CAIRN.INFO : Matières à réflexion

1Charles Fourier, le théoricien [*], Victor Considerant, son disciple, et Jean-Baptiste Godin, l’expérimentateur, sont les noms le plus souvent associés à ce qui a généralement été appelé « socialisme utopique », l’adjectif ayant un sens toutefois assez différent et surtout moins péjoratif qu’aujourd’hui. Il s’agit plutôt d’anticipations sociales audacieuses s’appuyant sur la critique de la vie des hommes à l’ère industrielle et visant à la rendre meilleure.

2Nourrie par des idéaux universalistes hérités de la période révolutionnaire et par un grand enthousiasme pour les progrès des connaissances scientifiques, l’utopie rêvée par Fourier (1772-1837) est celle d’une harmonie globale, une finalité qu’il présente comme un équivalent dans le domaine du passionnel, c’est-à-dire dans l’équilibre de la vie sociale, de ce que la découverte de la gravitation par Newton avait apporté à la connaissance de la structure de l’univers, un siècle auparavant.

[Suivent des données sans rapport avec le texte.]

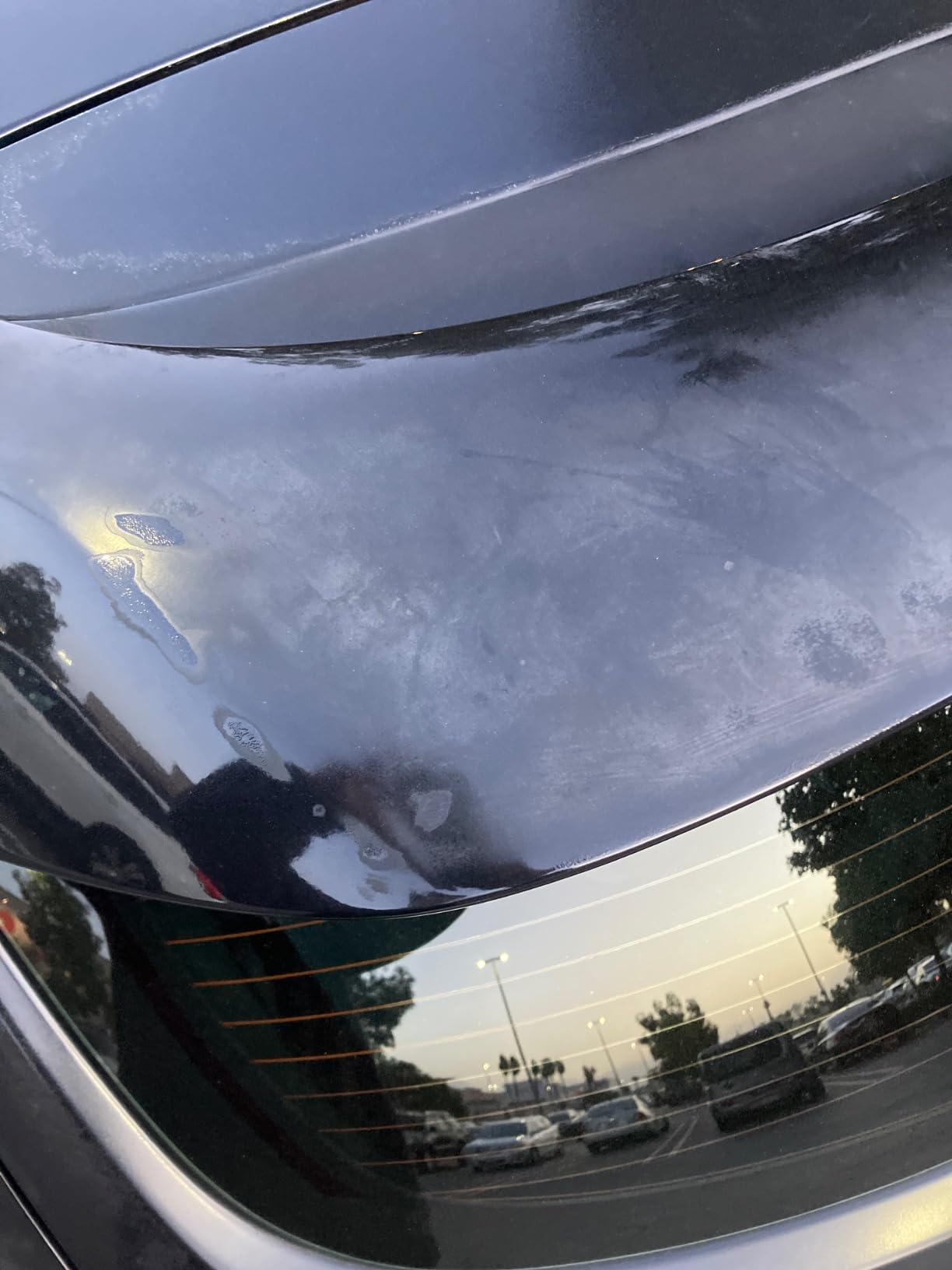 Turtle Wax 52708 Color Magic Car Paintwork Polish Restores Colour & Shine Black 500ml customer photo 1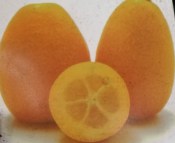 Clementina s kumquátem Kucle RARITA (1/2)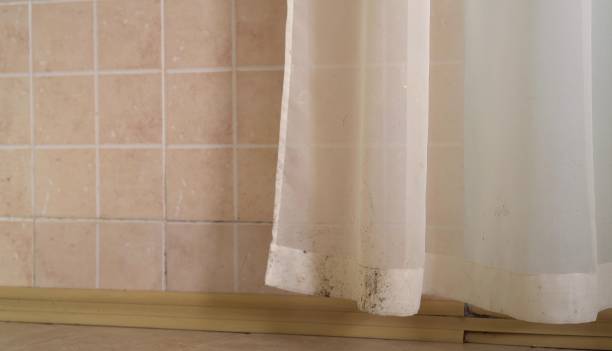 Best Emergency Mold Remediation  in Winterset, IA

3Dans le cadre de cette théorie dite de « l’attraction passionnée », l’univers serait en relation avec les passions humaines, dont il serait le reflet. De la même façon que les astres s’attirent et s’organisent en un équilibre cosmique, les êtres humains seraient attirés sélectivement par d’autres personnes, par certaines activités ou par certaines choses et l’organisation du monde social dans le respect de ces inclinations et affinités réciproques permettrait d’atteindre l’harmonie.

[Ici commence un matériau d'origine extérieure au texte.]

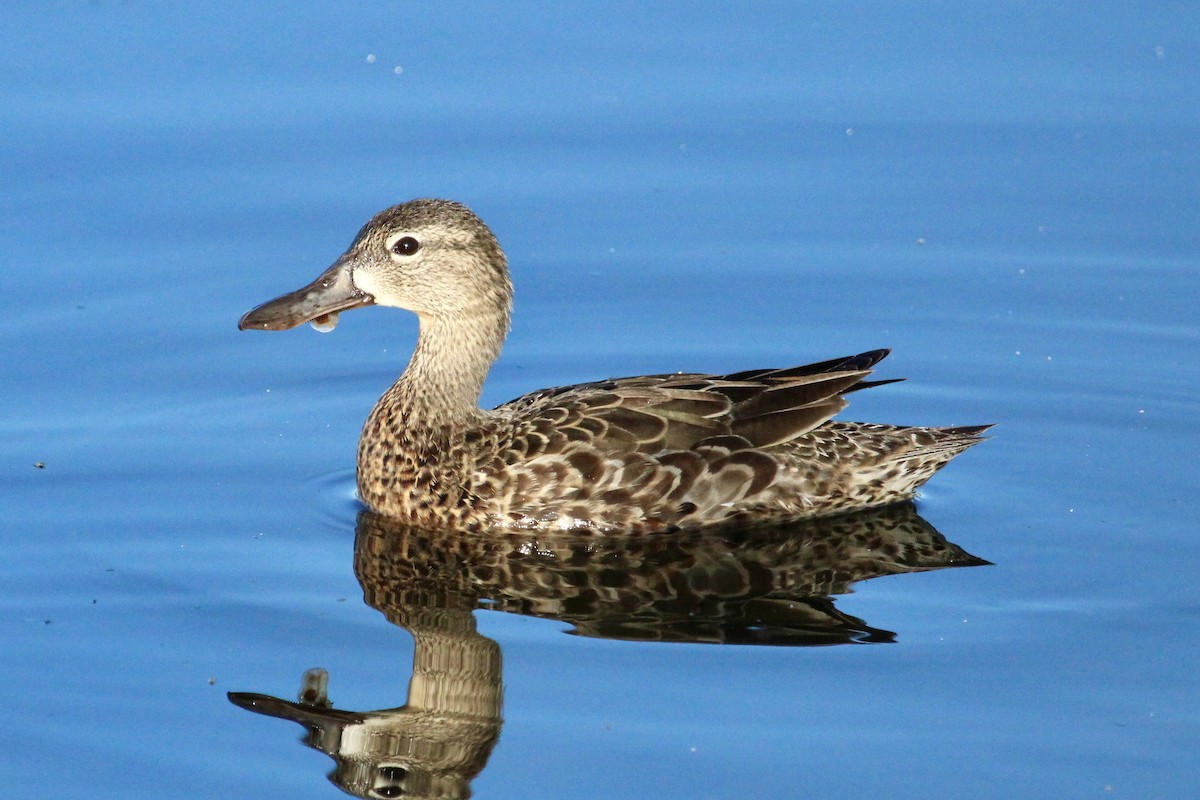 Blue-winged Teal - ML619029216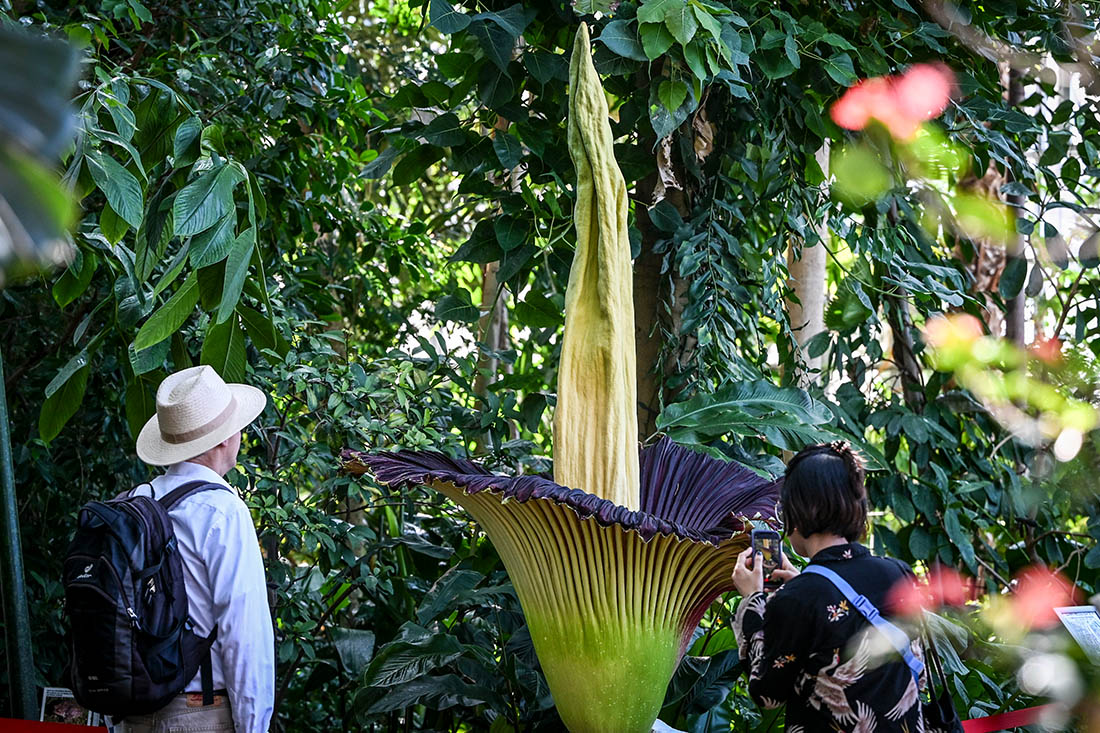 Аморфофаллус зацвел в ботаническом саду Берлина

4L’identification des différents critères discriminants proposés par Fourier au terme d’une observation raisonnée des comportements et des caractères humains le conduit à distinguer douze passions fondamentales ; leurs variantes se combinent entre elles pour constituer un ensemble de 810 assemblages différents qu’il considère, quand ils sont réunis, comme constitutifs d’une microsociété idéale. Chacun de ces groupes de 1 620 personnes (810 hommes et 810 femmes), appelés « phalanges », serait installé dans une unité de vie et de production autosuffisante, le phalanstère, dont le fonctionnement obéit lui-même à des règles très précises et librement acceptées par ceux et celles qu’il concerne.

5Fourier voulait faire du genre humain une grande famille, ce terme n’étant utilisé sous sa plume qu’à titre rhétorique car en réalité l’institution sous sa forme traditionnelle faisait de sa part l’objet de critiques radicales en tant que lieu de subordination des femmes et des enfants. Et c’est sans doute dans sa dénonciation du mariage et dans sa proclamation du droit des femmes (« Les progrès sociaux, écrit-il, s’opèrent en raison des progrès des femmes vers la liberté ») que la pensée de Fourier, exprimée entre 1808 et 1835, est le plus actuelle. Très distancié à l’égard de la famille naturelle et des liens du sang, il recommandait également la création de crèches afin d’assurer la prime éducation et la socialisation des enfants en dehors de l’influence d’un couple parental au sein duquel s’impose la loi du patriarcat.

Notes

  • [*]
    Publiée entre 1806 et 1835, la bibliographie de Fourier comporte une douzaine de titres parmi lesquels Théories des quatre mouvements et des destinées générales, 1808, et Théorie de l’unité universelle, 4 volumes, Paris, 1822-1823.